La décision des trois juges du tribunal d'application des peines de Marseille ne surprendra personne. Jean-Marc Rouillan reste en prison. Son régime de semi-liberté dont il bénéficiait depuis décembre dernier est révoqué. Il avait été à nouveau incarcéré le 2 octobre dernier en attente de l' audience d'aujourd'hui. Cet après-midi, le délibéré n'aurait duré, selon son avocat, que dix minutes. L'ancien membre d'Action Directe a tenté de plaider lui même sa cause. Sans succès. "C'est aux journalistes qu'il ne fallait pas parler" lui répondent ce soir en substance les magistrats.
En accordant une interview à l'hebdomadaire l'Express, Rouillan s'est mis en danger. Sa semi-liberté lui avait été accordé en échange de quelques obligations. Celle entre autres de ne jamais aborder les faits pour lesquels il a été condamné à la réclusion criminelle à perpétuité. Interrogé sur d'éventuels regrets sur ces actes criminels, il a répondu: "Je n'ai pas le droit de m'exprimer là dessus. Mais le fait que je ne m'exprime pas est une réponse. Car il est évident que si je crachais sur tout ce qu'on avait fait, je pourrais m'exprimer. Mais par cette obligation de silence, on empêche aussi notre expérience de tirer son vrai bilan critique".
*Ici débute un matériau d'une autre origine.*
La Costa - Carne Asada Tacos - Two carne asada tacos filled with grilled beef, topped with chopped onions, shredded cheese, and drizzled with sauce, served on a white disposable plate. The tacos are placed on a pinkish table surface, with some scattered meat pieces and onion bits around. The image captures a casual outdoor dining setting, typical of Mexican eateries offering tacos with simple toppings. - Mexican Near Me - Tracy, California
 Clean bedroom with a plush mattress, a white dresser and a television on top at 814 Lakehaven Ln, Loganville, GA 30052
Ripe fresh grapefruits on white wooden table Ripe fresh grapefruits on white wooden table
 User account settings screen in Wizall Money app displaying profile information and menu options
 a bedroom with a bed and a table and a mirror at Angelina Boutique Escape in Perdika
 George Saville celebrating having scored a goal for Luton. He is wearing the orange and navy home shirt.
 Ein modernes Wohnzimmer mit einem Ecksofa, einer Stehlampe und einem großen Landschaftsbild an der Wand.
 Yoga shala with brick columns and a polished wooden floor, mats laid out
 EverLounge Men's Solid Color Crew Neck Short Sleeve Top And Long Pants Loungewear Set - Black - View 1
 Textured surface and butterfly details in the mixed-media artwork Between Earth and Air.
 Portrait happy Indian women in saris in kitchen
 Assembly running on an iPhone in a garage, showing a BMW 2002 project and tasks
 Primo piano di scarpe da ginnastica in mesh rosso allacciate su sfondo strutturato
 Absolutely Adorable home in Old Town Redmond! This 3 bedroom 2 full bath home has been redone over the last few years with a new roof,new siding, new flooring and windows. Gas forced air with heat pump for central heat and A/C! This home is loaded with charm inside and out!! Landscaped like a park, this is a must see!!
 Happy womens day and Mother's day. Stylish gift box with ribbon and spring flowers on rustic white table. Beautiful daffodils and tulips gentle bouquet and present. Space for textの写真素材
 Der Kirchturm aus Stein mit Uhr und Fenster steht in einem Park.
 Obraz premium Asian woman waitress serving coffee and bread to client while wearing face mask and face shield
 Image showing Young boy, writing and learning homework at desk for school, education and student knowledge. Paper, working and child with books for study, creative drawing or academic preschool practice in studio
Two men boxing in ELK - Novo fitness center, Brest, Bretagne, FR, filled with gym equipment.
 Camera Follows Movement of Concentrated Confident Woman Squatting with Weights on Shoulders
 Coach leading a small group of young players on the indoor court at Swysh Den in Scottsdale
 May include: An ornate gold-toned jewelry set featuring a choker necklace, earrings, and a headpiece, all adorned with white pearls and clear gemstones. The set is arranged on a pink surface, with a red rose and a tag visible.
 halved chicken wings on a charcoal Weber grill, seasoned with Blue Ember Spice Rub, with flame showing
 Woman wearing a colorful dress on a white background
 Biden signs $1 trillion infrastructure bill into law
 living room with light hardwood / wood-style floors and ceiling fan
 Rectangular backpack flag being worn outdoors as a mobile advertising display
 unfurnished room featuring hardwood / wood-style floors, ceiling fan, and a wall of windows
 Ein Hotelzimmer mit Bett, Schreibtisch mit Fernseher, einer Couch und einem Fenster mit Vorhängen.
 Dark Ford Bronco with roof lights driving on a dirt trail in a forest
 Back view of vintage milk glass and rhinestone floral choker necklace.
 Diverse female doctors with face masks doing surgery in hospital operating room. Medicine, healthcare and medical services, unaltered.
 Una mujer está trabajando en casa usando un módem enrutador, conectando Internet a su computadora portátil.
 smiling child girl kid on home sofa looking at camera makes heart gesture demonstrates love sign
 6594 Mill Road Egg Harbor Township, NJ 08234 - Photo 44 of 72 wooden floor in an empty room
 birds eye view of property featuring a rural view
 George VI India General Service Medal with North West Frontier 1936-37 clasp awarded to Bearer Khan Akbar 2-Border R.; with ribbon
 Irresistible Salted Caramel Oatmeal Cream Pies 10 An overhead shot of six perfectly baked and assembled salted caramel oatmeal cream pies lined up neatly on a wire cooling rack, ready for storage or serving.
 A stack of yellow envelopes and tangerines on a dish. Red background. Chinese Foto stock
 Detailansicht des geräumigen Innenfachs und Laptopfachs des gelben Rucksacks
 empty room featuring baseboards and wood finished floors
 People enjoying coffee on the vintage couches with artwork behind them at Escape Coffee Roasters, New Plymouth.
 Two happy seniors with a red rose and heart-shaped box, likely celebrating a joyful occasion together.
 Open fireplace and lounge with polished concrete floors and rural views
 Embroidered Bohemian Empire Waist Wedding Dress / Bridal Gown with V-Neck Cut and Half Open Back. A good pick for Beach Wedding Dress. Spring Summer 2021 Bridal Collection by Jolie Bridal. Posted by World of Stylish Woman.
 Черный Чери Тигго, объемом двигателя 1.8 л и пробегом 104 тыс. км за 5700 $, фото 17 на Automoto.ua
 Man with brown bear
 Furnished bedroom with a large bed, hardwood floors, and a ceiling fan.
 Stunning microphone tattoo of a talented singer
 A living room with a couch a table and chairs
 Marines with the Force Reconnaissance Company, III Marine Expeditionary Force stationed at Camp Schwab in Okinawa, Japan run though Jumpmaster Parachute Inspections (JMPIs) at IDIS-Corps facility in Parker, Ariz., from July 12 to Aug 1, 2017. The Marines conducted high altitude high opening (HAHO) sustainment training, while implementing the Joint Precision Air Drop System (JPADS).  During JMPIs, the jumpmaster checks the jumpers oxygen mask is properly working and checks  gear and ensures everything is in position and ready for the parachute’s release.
Jean Marc Rouillan aurait du s'arrêter à la première phrase. Ce n'est pas dans son tempérament. Il a développé sa pensée. Mais surtout, il n'a pas dit ce que le journaliste et d'autres sans doute attendaient. Aucun remords. Aucun regret. Aucune compassion vis à vis des parties civiles. Rouillan est resté fidèle à lui même. Comme on l'a découvert dans le box des assises de Paris quand il avait à répondre avec Nathalie Ménignon et Joëlle Aubron des assassinats de Georges Besse et du Général Audran. Rouillan est semblable à tous les condamnés qui revendiquent dans leur box la lutte armée. Un point, c'est tout.
Poser une telle question, en connaissance de cause, en sachant les risques que l'interviewer encourait, m'interroge en tant que journaliste. C'est une interrogation que nous devons nous poser à chaque fois que nous avons devant nous un condamné en libération conditionnelle, qui n'a pas fini de purger sa peine et qui n'a donc pas une liberté totale de parole. Nathalie Ménignon, autre membre d'AD, est astreinte à la même obligation. C'est le cas par exemple de Jean Marc Deperrois, condamné dans l'affaire de la "Josacine empoisonnée". Ce fut aussi celui de Lucien Léger, le "plus vieux prisonnier" de France, récemment décédé.
C'est la loi. Et aussi une question de morale. Les condamnés sont priés de se faire oublier. D'abord par respect pour les victimes. Dans une interview récente au Figaro, Mme Françoise Besse, veuve du PDG de Renault, déclarait. "Je n'ai aucun débat à mener avec Jean-Marc Rouillan, il n'est pas mon interlocuteur. A tout jamais, il reste l'assassin de mon mari. Je n'ai pas à discuter avec lui."
Jean-Marc Rouillan pouvait espérer une libération conditionnelle en fin d'année. La révocation du régime de semi-liberté anéantit cette échéance.
Joëlle Aubron est décédée en mars 2006. Elle avait bénéficié d'une libération conditionnelle compte tenu de son état de santé. Nathalie Ménignon est en semi-liberté depuis plus d'un an. Georges Cipriani, qui a été interné plusieurs fois, est toujours en détention. Rouillan, lui, était secrétaire de rédaction chez un éditeur marseillais. Il a décidé de faire appel. L'affaire sera examinée à Paris dans le mois et demi qui vient. On voit difficilement les juges parisiens contredire ceux de Marseille.